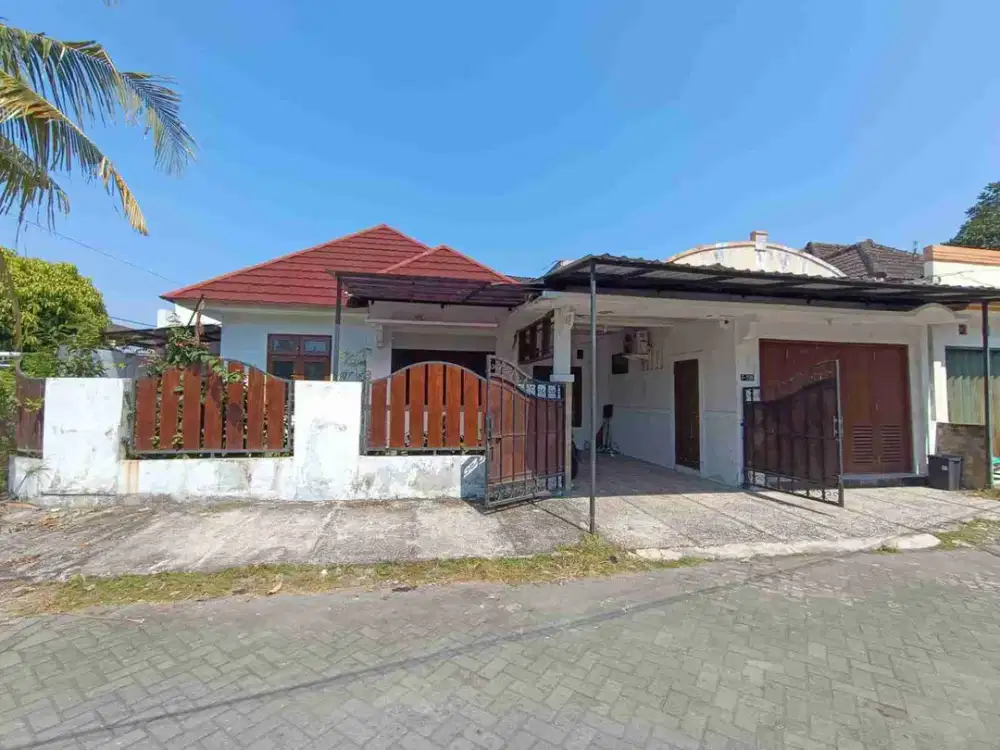 Rumah luas dlm komplek griya taman asri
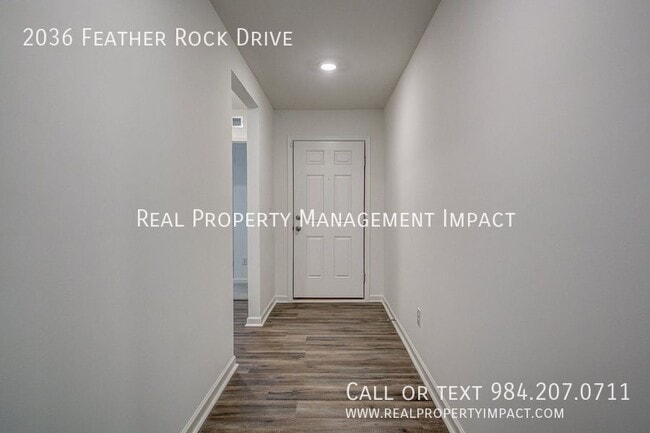 Building Photo - 2036 Feather Rock Dr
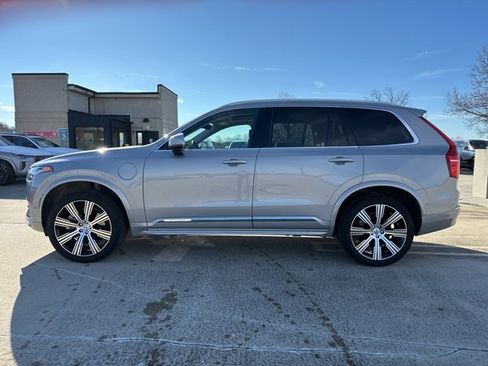 Certified 2024 Volvo XC90 T8 Ultimate w/ Protection Package image 5
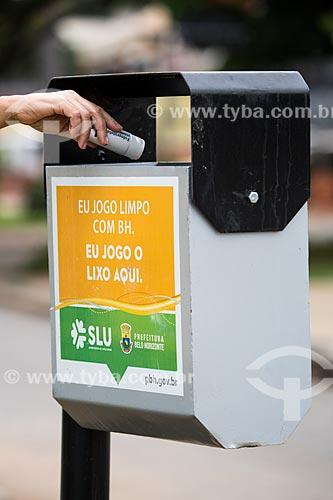  Trash with educational campaign in the Complexo da Pampulha  - Belo Horizonte city - Minas Gerais state (MG) - Brazil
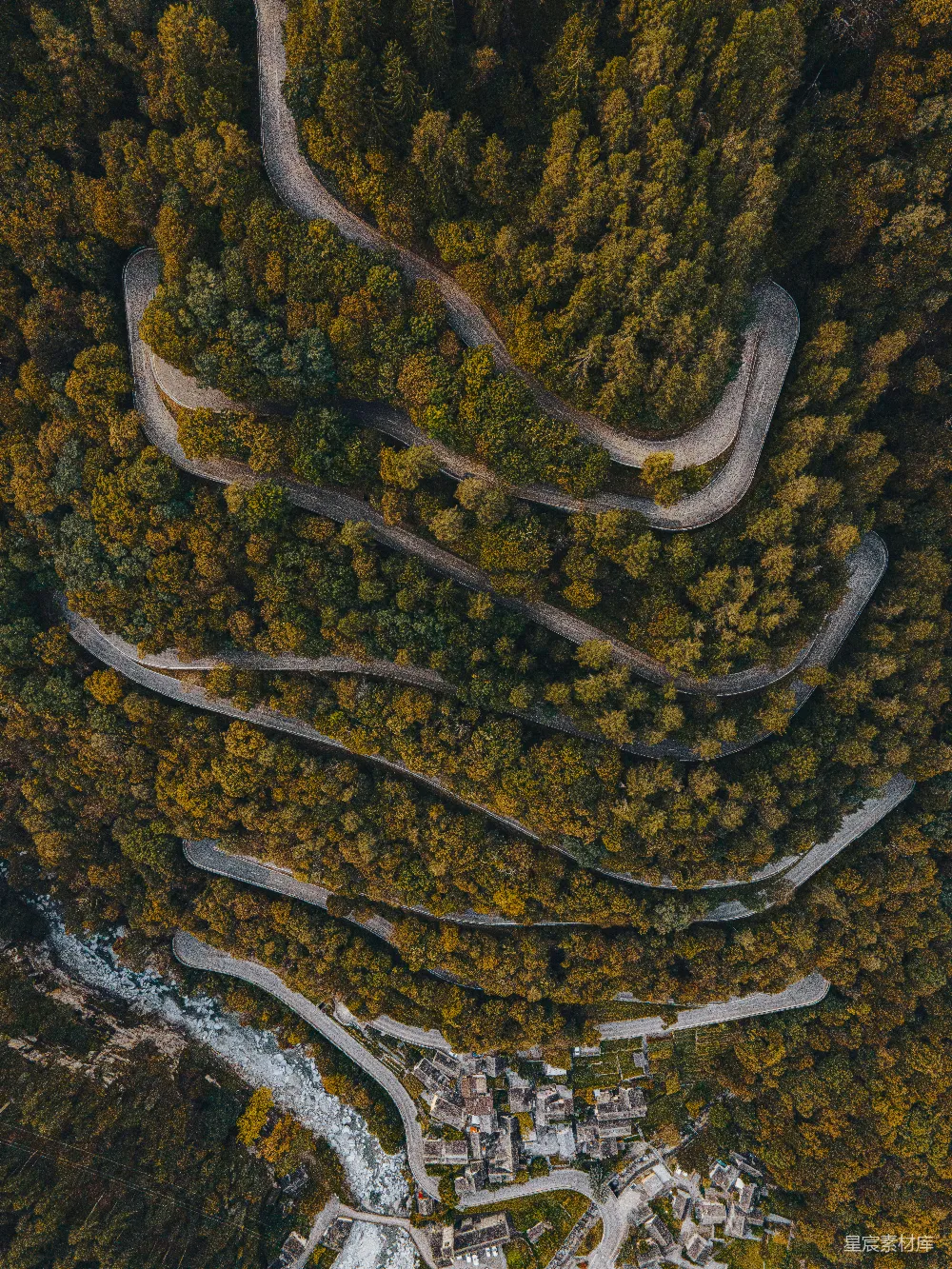 高清摄影  一条蜿蜒的山路，两旁环绕着树木，俯瞰其景。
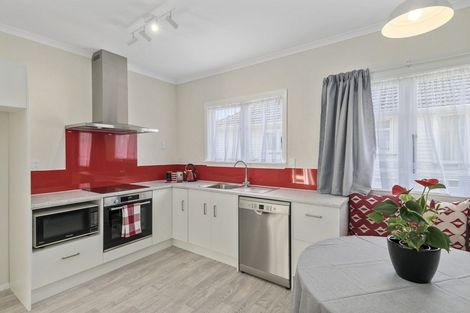 Photo of property in 26 Mabel Street, Levin, 5510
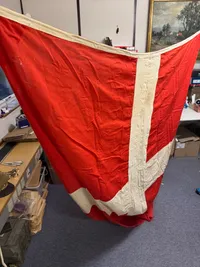 Kæmpe dannebrogsflag fra tiden omkring 2.verdenskrig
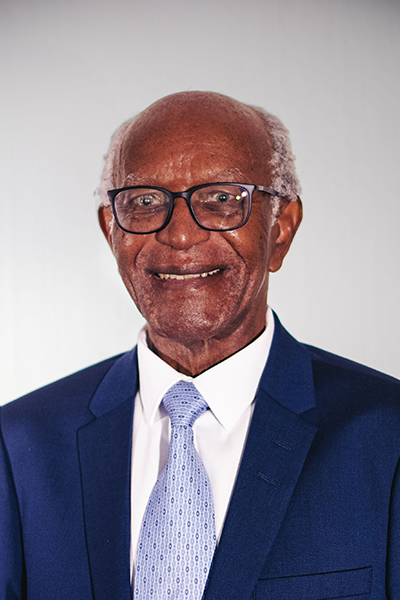 Prof John Makhene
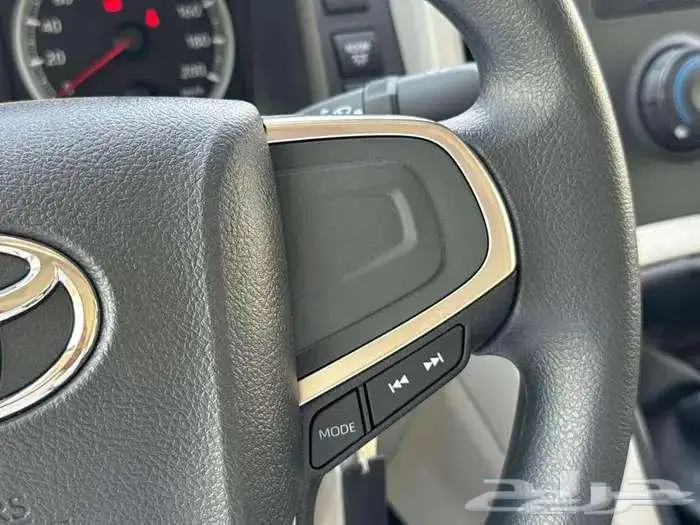 تويوتا هايس 13 راكب - ديزل -قير عادي -2026 17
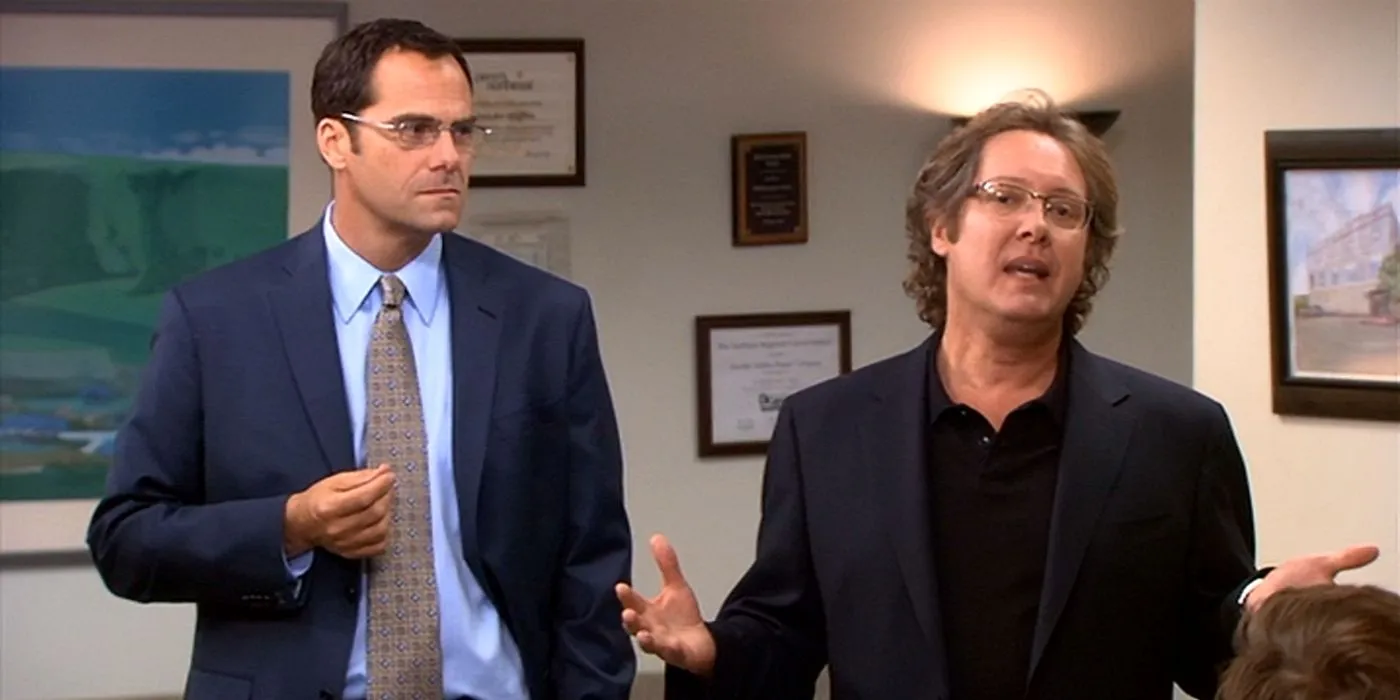 Robert California hält einen Vortrag in The Office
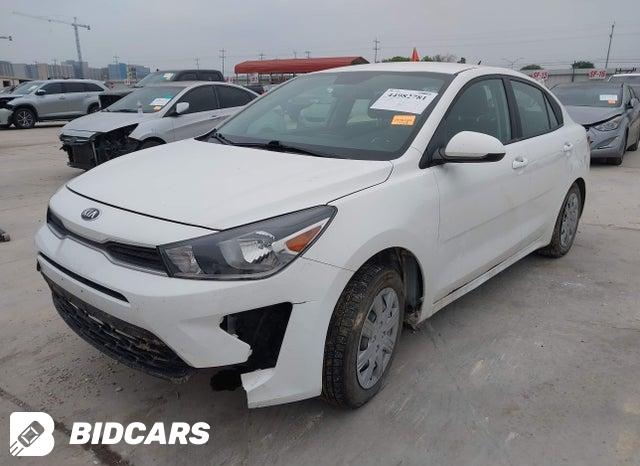 3KPA24AD9ME425091 2021 KIA Rio photo no. 2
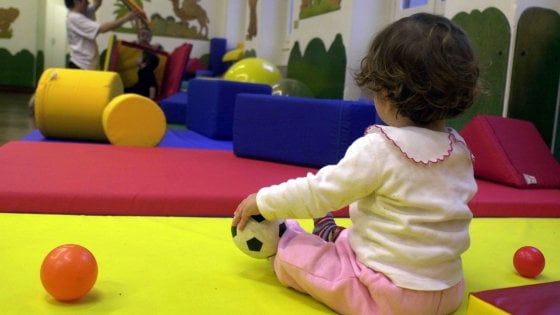 La promessa di Conte: “Nidi per tutti e gratis per i redditi più bassi”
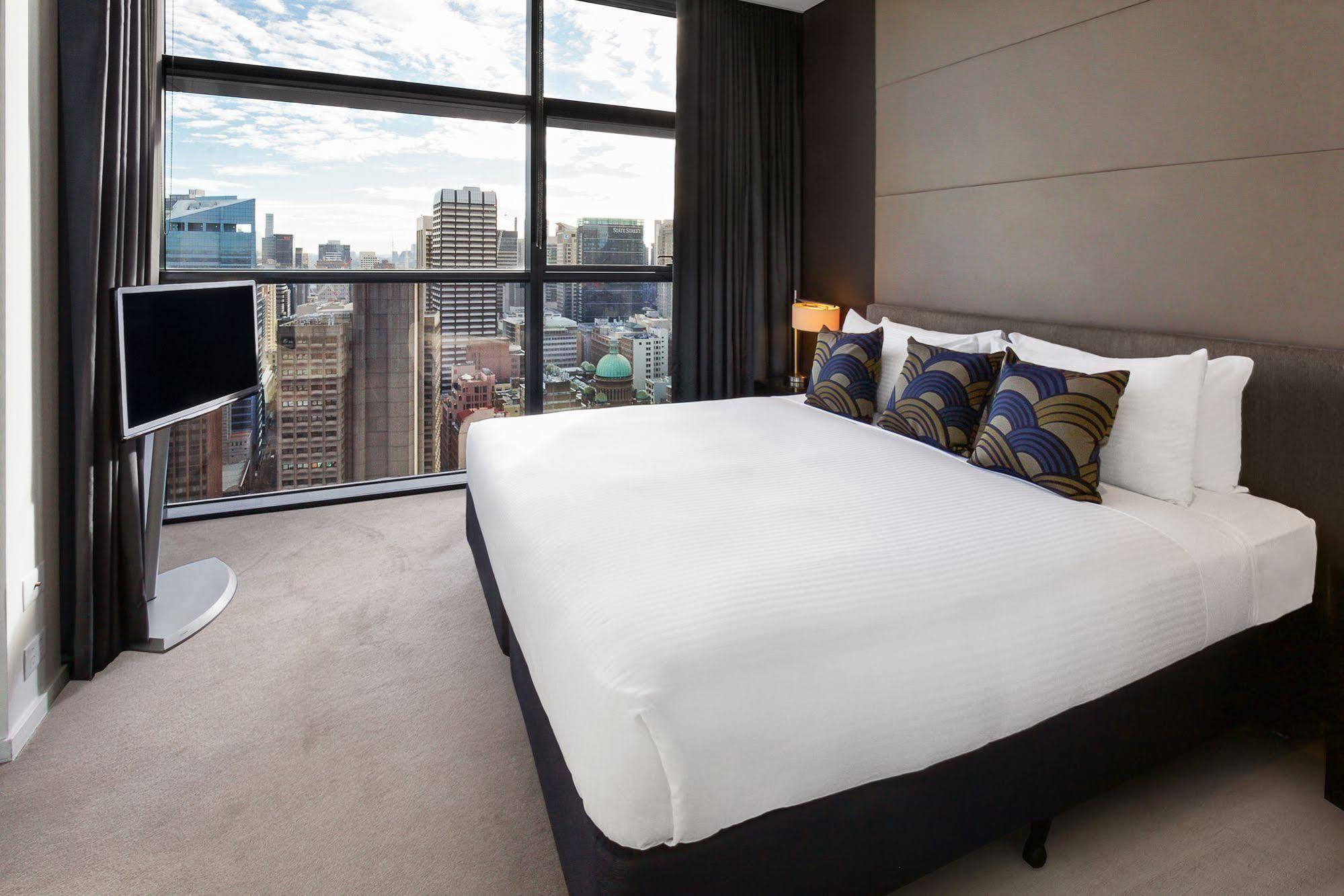Fraser Suites Sydney Exteriör bild A bedroom at the hotel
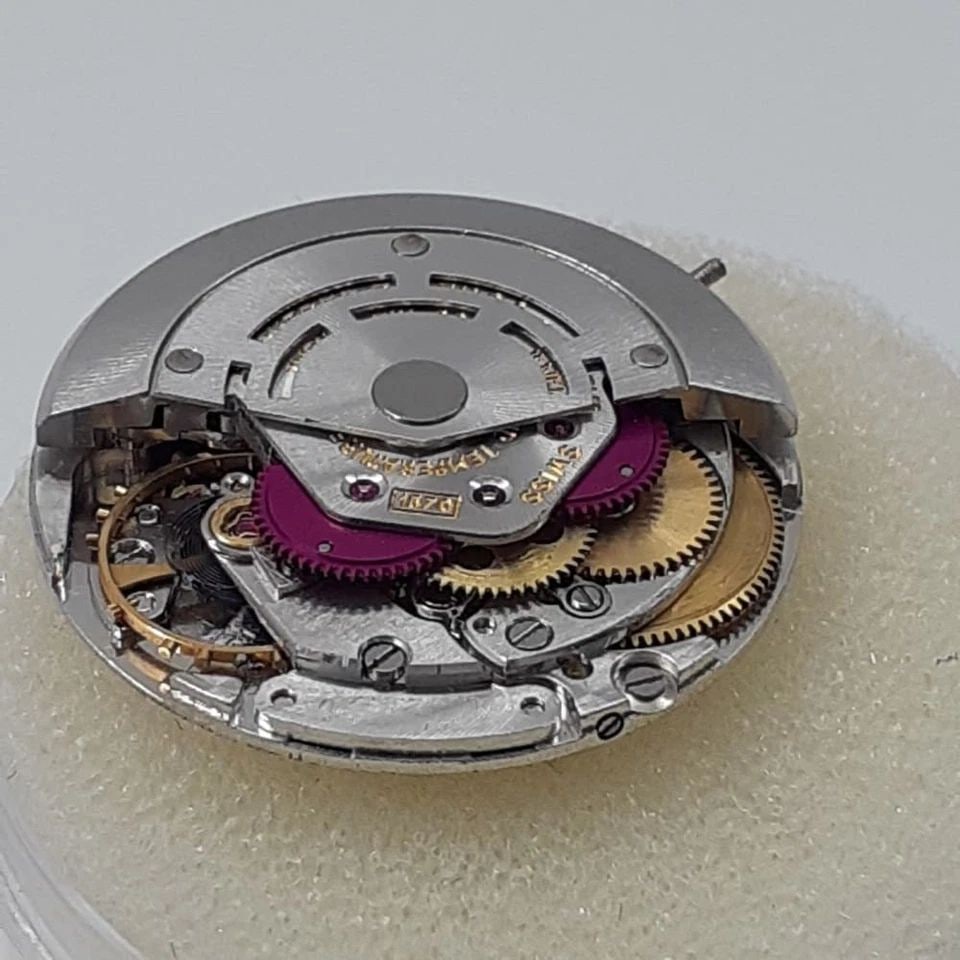 ROLEX MOVEMENT FOR EXPLORER 1570 WITH MERCEDES HANDS SECONDS HAND MISSING (1 of 2)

* * * * *

Copy exactly, and copy only, the lines from the one bearing "3KPA24AD9ME425091 2021 KIA Rio photo no. 2" through the closing line of the material, with both ends kept and pictures removed.

 3KPA24AD9ME425091 2021 KIA Rio photo no. 2
 La promessa di Conte: “Nidi per tutti e gratis per i redditi più bassi”
Fraser Suites Sydney Exteriör bild A bedroom at the hotel
 ROLEX MOVEMENT FOR EXPLORER 1570 WITH MERCEDES HANDS SECONDS HAND MISSING (1 of 2)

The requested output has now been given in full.